What Would Success Mean?
Successful outcomes from this trial would be transformative for the Bestrophinopathy community. If OPGx-BEST1 proves to be safe, well-tolerated, and shows promising signs of efficacy, it could pave the way for larger, pivotal clinical trials. Ultimately, a successful therapy could offer a way to halt or slow the progression of vision loss, and potentially even restore some vision, significantly improving the quality of life for individuals affected by these debilitating inherited retinal diseases. This trial represents a significant step forward in the quest for effective treatments for Bestrophinopathies.
Key Facts:
- NCT ID: NCT07185256
- Title: Safety and Tolerability of Subretinally Injected OPGx-BEST1 in Patients With Best Vitelliform Macular Dystrophy (BVMD) or Autosomal-Recessive Bestrophinopathy (ARB)

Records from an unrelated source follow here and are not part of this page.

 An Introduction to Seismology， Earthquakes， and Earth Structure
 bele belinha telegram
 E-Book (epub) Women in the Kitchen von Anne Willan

- Condition: Best Vitelliform Macular Dystrophy (BVMD), Autosomal-Recessive Bestrophinopathy (ARB)
- Phase: Phase 1
- Status: Recruiting
- Sponsor: Opus Genetics, Inc.
- Start Date: September 25, 2025
- Intervention: OPGx-BEST1 (gene therapy)
- Locations: Los Angeles, United States | Dallas, United States
- ClinicalTrials.gov Link: https://clinicaltrials.gov/study/NCT07185256
Disclaimer: This article is for informational purposes only and is based on publicly available information from ClinicalTrials.gov. ClearSight is an independent IRD research hub and is not affiliated with Opus Genetics, Inc. or the clinical trial mentioned herein. Patients should consult with their healthcare providers for medical advice and to determine their eligibility for any clinical trials.